* Task goal *
In the data below, set down exactly the lines from the one containing "Obraz premium City" up to and including the one containing "Dreamholder Bedside Table". Leave the pictures out.

* Task data *
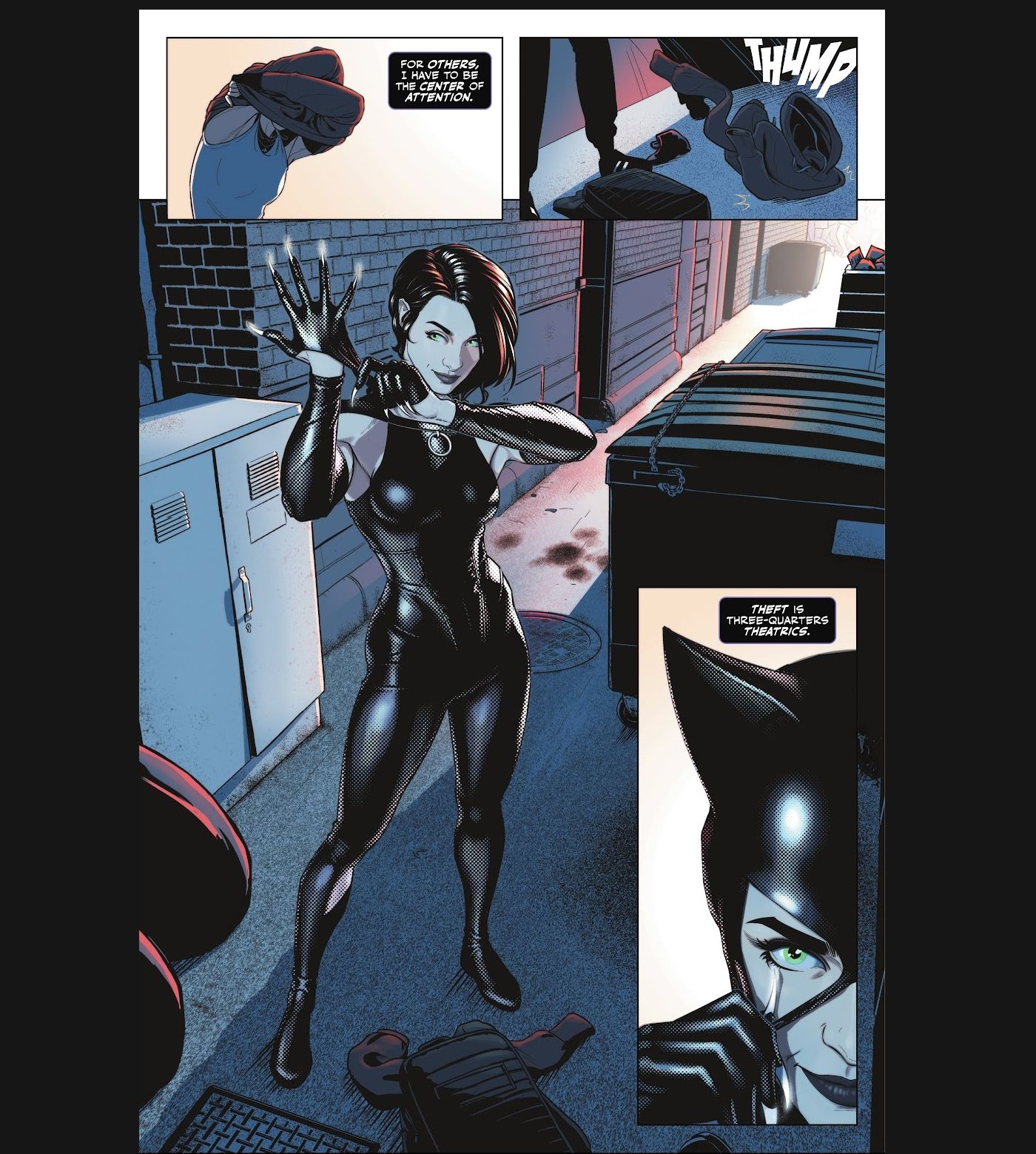 Catwoman, suiting up for a heist.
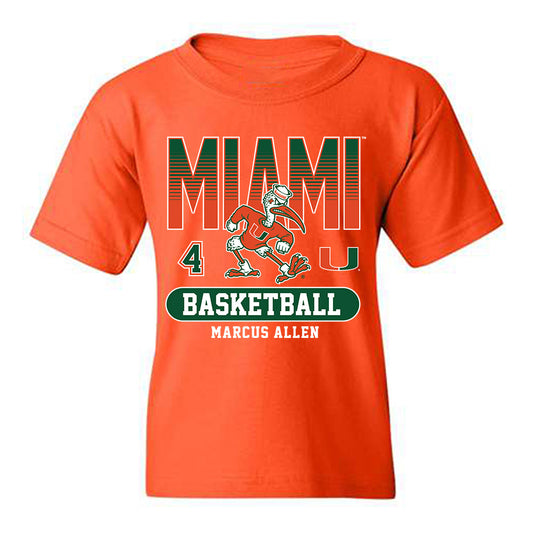 Miami - NCAA Men's Basketball : Marcus Allen - Classic Fashion Shersey Youth T-Shirt-0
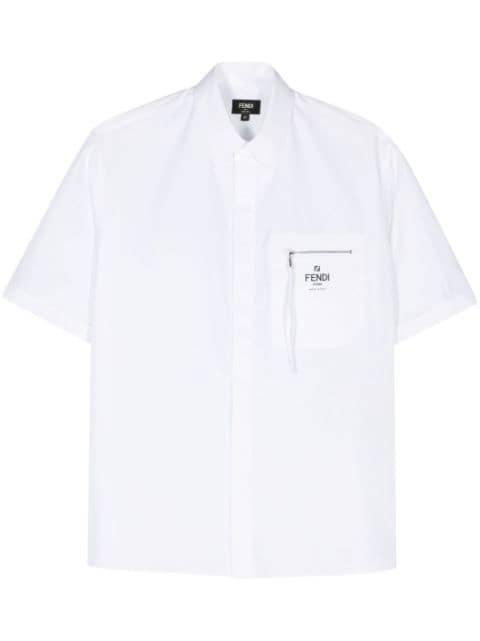 logo-print cotton shirt by FENDI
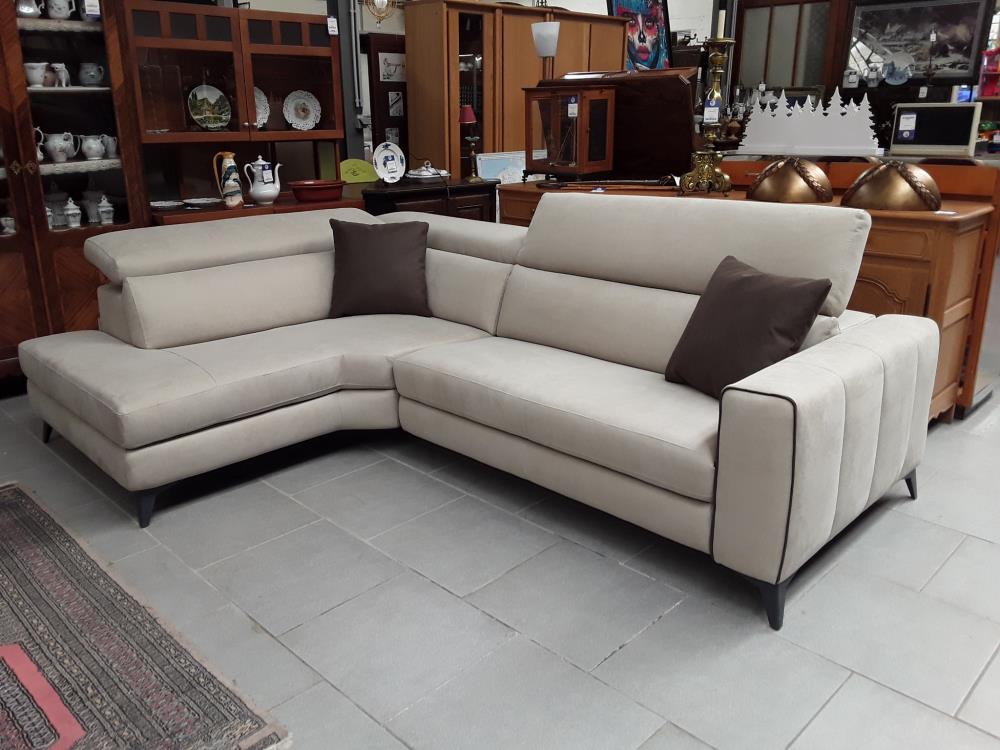 SALON D'ANGLE DESIGN AVEC RELAX ÉLECTRONIQUE INTÉGRÉ 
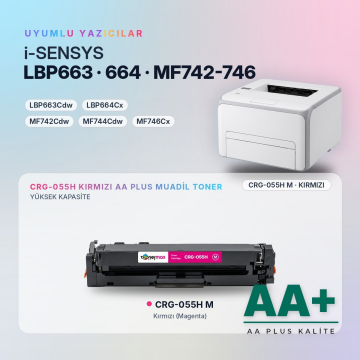 Canon CRG-055H Kırmızı Muadil Toner AA Plus / LBP663Cdw / LBP664Cx / MF742Cdw / MF744Cdw / MF746Cx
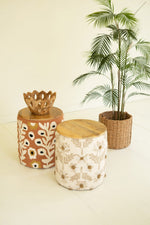 Artisan hand-tufted accent table
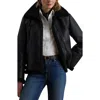 Ralph Lauren Lauren  Faux Leather & Faux Shearling Bomber Jacket In Black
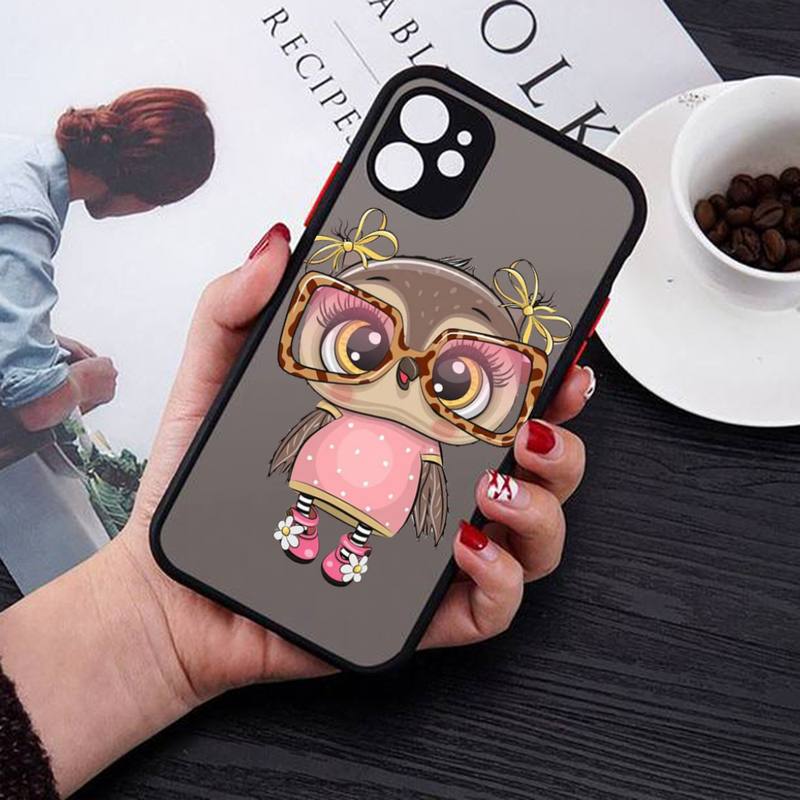 Cute Owl Phone Case for iPhone X XR XS 7 8 Plus 11 12 13 Pro MAX 13mini Translucent Matte Case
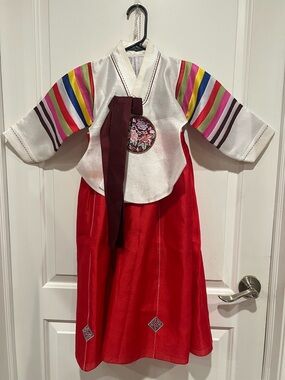 Traditional Kids Hanbok Costume in White and Red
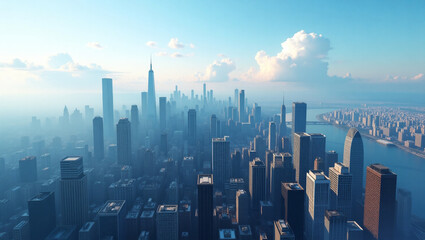 Obraz premium City in fog with a view of the urban skyline, skyscrapers, and buildings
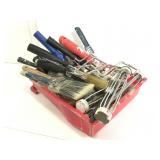 Lot of used paintbrushes & rollers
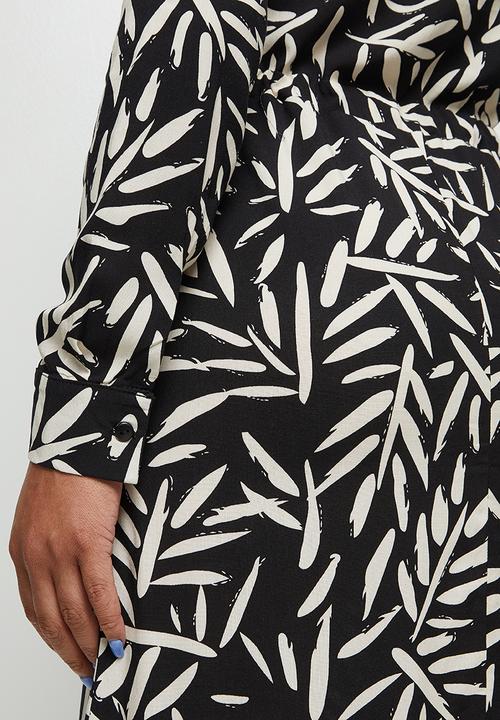 edit - Long sleeve tiered mandarin dress - black & white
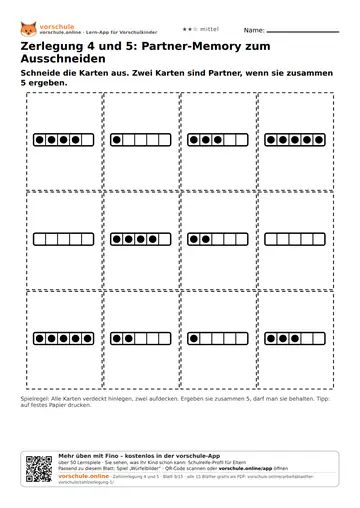 Zerlegung 4 und 5: Partner-Memory zum Ausschneiden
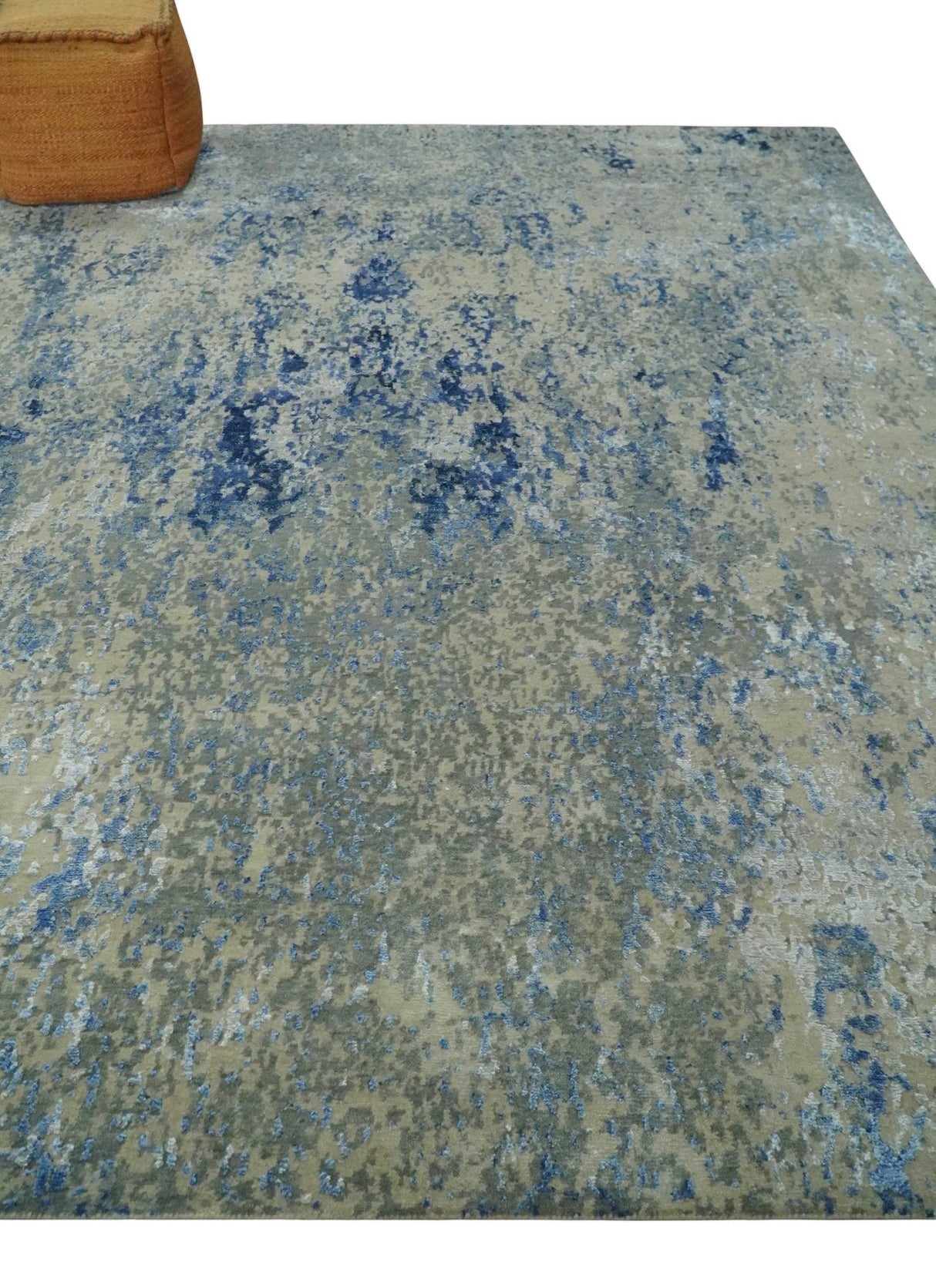 8x10 Fine Blue, Ivory and Beige Hand knotted Abstract wool and Art Silk Area Rug-Area Rug-Parc Decor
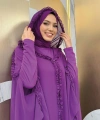 Kapişonlu Abayalı Elbise Takım 3778 Mor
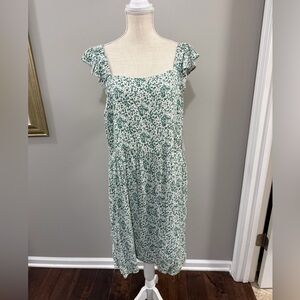 NWT ARULA Green and White Floral Square-Neck Midi Sundress. Size 3X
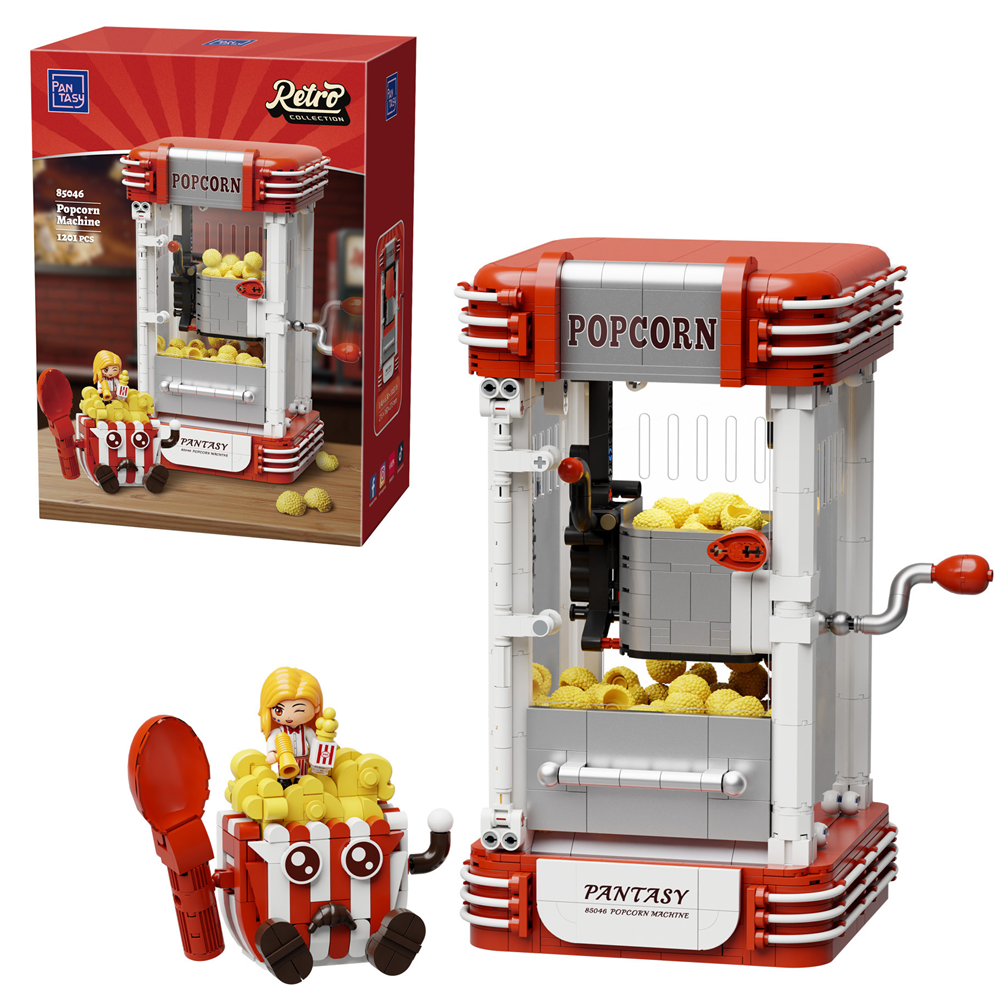 Popcorn machine toy set with red and white design, including a box in the background. PanTasy Retro Popcorn Maker Machine brick model kit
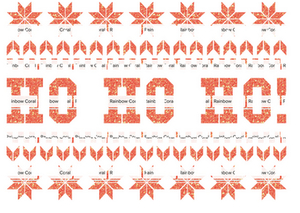 Vel Strijkletters Kerst Fair Isle Glitter Rainbow Coral Glitter ST - afb. 2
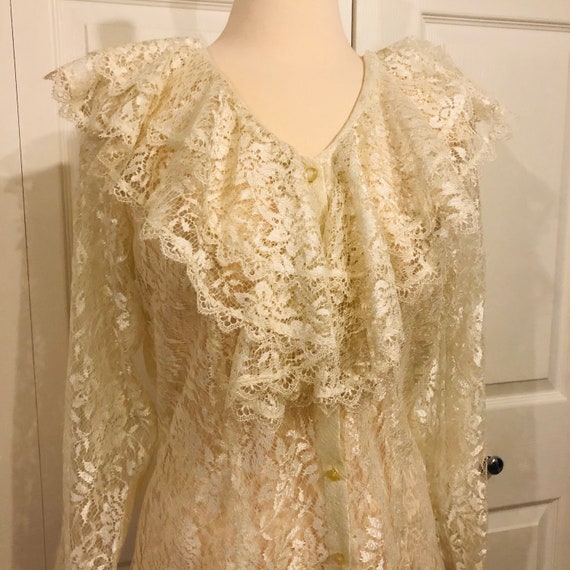 Vintage 70’s Ruffle Lace Top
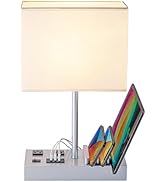 Dreamholder Bedside Table Lamp with 3 USB Charging Ports, 2 AC Outlets and 3 Phone Stands, Modern...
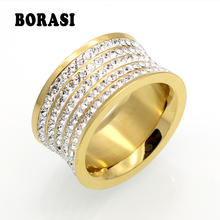 5 Row Brand Crystal Jewelry Fashoin Women Men Unisex Luxury 11mm Wide Rings Wholesale Gold Color Stainless Steel Wedding Rings 2024 - buy cheap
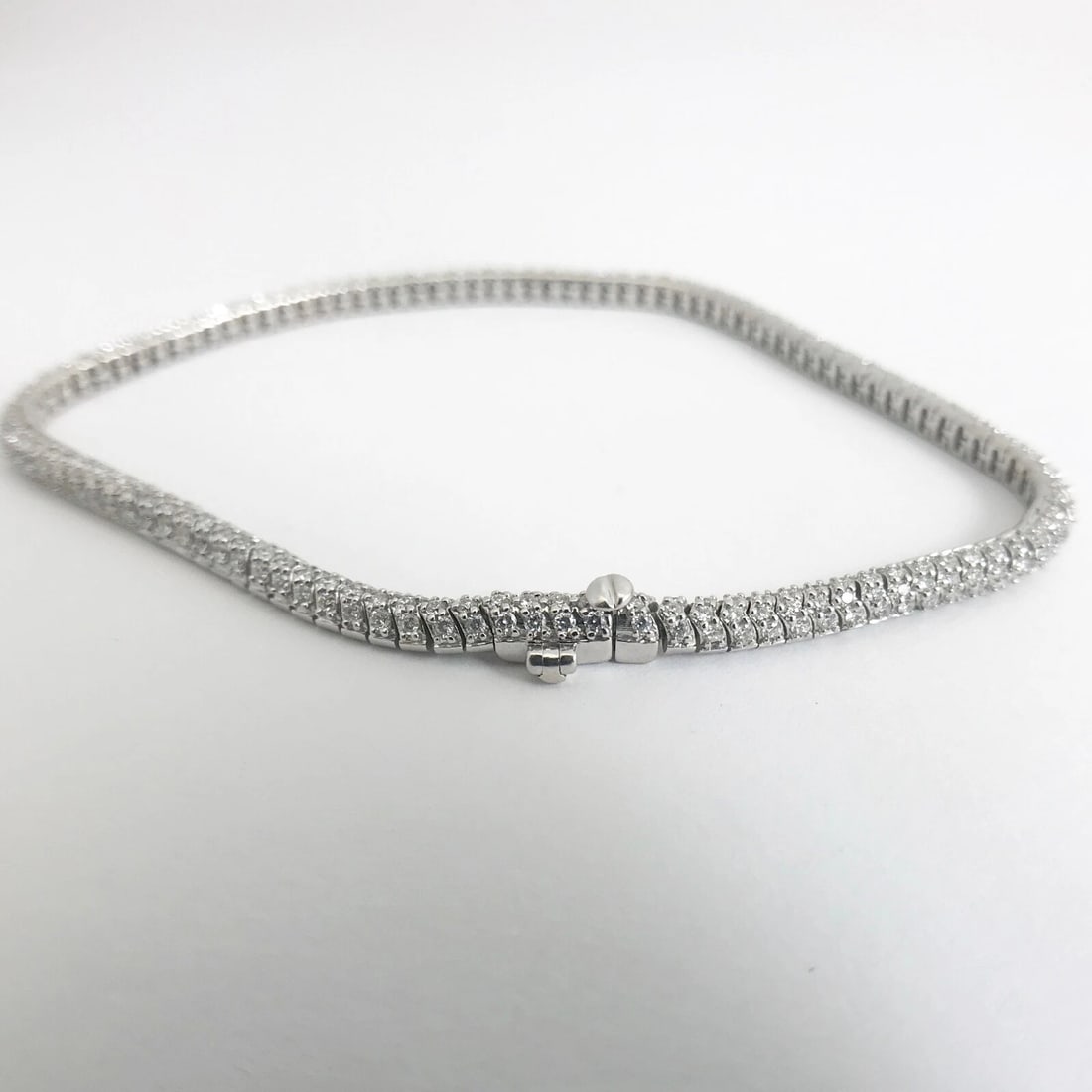 3-Sided Snake Diamond Tennis Bracelet 14K White Gold, 1.75 CTW, 10.81 Grams - 8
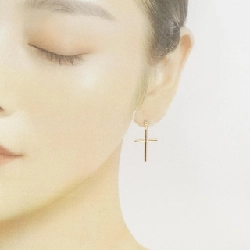 K18YG Khuyên tai hình chữ thập - Hàng hiệu Chính hãng 867040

* Response *
 Obraz premium City in fog with a view of the urban skyline, skyscrapers, and buildings
 Lot of used paintbrushes & rollers
 edit - Long sleeve tiered mandarin dress - black & white
 Zerlegung 4 und 5: Partner-Memory zum Ausschneiden
 8x10 Fine Blue, Ivory and Beige Hand knotted Abstract wool and Art Silk Area Rug-Area Rug-Parc Decor
 Kapişonlu Abayalı Elbise Takım 3778 Mor
 NWT ARULA Green and White Floral Square-Neck Midi Sundress. Size 3X
 Popcorn machine toy set with red and white design, including a box in the background. PanTasy Retro Popcorn Maker Machine brick model kit
 Vel Strijkletters Kerst Fair Isle Glitter Rainbow Coral Glitter ST - afb. 2
 Vintage 70’s Ruffle Lace Top
 Dreamholder Bedside Table Lamp with 3 USB Charging Ports, 2 AC Outlets and 3 Phone Stands, Modern...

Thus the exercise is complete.